Murderbot plus tentacles: John Wiswell on his cozy neurodivergent fantasy Someone You Can Build a Nest In

John Wiswell’s debut novel Someone You Can Build a Nest In was one of Polygon’s most anticipated SFF novels of 2024, and it lived up to that title. It’s an energetic, deeply strange, surprising book whose protagonist, a monster named Shesheshen, strongly reminded me of one of the decade’s most popular SFF protagonists, Martha Wells’ Murderbot. Like Murderbot, Shesheshen is a nonhuman character who struggles to understand human emotion and behavior, and is frustrated and even repelled when she starts experiencing it herself. They share a certain outlook — a loneliness they can’t acknowledge, and an attachment to one human in particular.

Unlike Murderbot, though, Shesheshen is a boneless, shape-shifting, human-eating monster who’s just looking to settle down with a nice partner and lay her eggs in them, so her young can hatch and devour their host from the inside.

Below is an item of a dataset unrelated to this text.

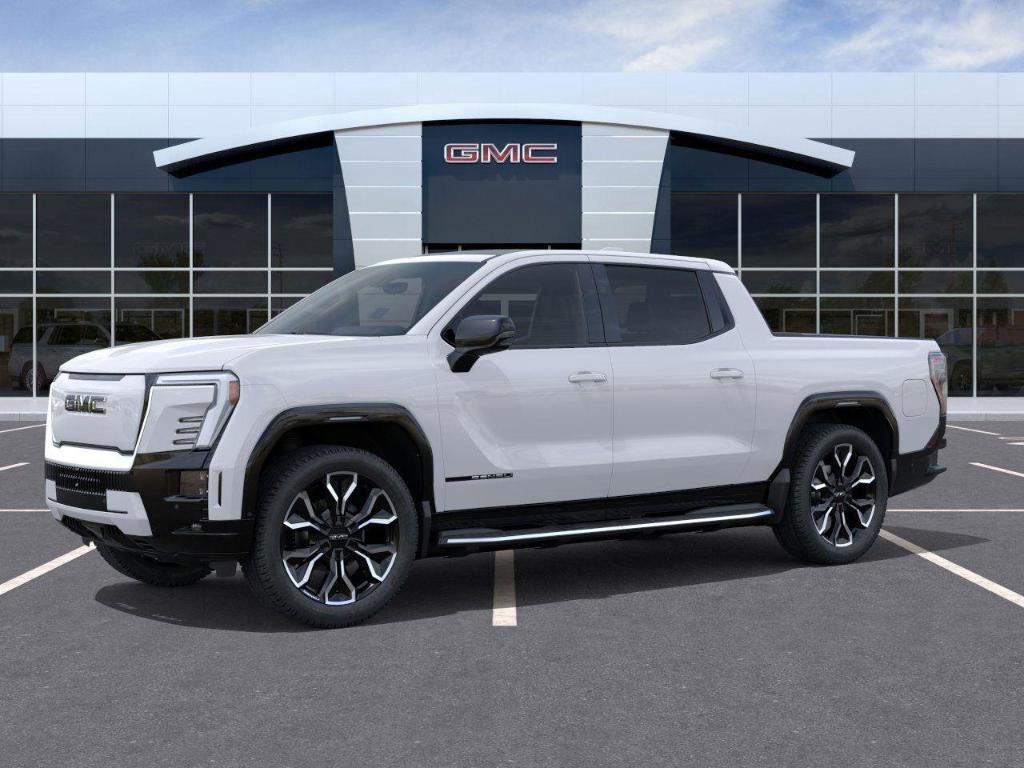 new 2025 GMC Sierra EV car, priced at $89,790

And yet this gruesome body-horror novel, packed with detail about the mechanics of life as a carnivorous predator, is more or less a cozy romance. After a particularly damaging monster hunt, Shesheshen connects with a human woman, Homily, and starts to dream about egg-laying. At the same time, their connection starts to change them both, pushing them to confront their assumptions about their families and about each other.

Polygon talked to John Wiswell about what went into the novel, how it reflects his experience with disability and the queer community, and what he learned from Murderbot. And you can also read an excerpt from Someone You Can Build a Nest In on Polygon, as Shesheshen navigates the local town of Underlook in disguise, and finds out they’re celebrating her death.

The UK cover of John Wiswell’s novel Someone You Can Build A Nest In, showing two robed figures standing together in a green forest, pointing upward at the spires of a distant village above them Image: Hachette UK

Polygon: You’ve said this was a book you’ve been working toward writing for your entire life. How so?

John Wiswell: I’ve been publishing short fiction for 15 years, and a lot of it has been about seeing humanity in the inhuman, and using speculative fiction as a way to reflect largely marginalized experiences. Like how you feel dehumanized as an asexual person, a disabled person, or a neurodivergent person. I’ve never written a story where the lens was so clearly neurodivergent as this novel. To some degree, that’s because in public school and then college, every writing class taught me, “Write neurotypical people.” “Your psychology is unbelievable.

A lot of my work after that was learning how to try to express my truths in ways that teachers had taught me not to. And a lot of the fiction that I absorbed, the stuff that was most meaningful to me, were these alternative perspectives, like John Gardner’s Grendel, or how Madeline Miller brings beautiful internal life to Circe. Martha Wells’ Murderbot also comes from a very flagrant neurodivergent perspective. It’s funny and lovable, and also is a proof of concept that a neurodivergent protagonist or lens does not mean that quote-unquote “normal” readers can’t get it, enjoy it, or love it. So a lot of my life has been what you’d call unlearning — absorbing wonderful writers, and then feeling like they gave me permission to try to be a little bit more of myself.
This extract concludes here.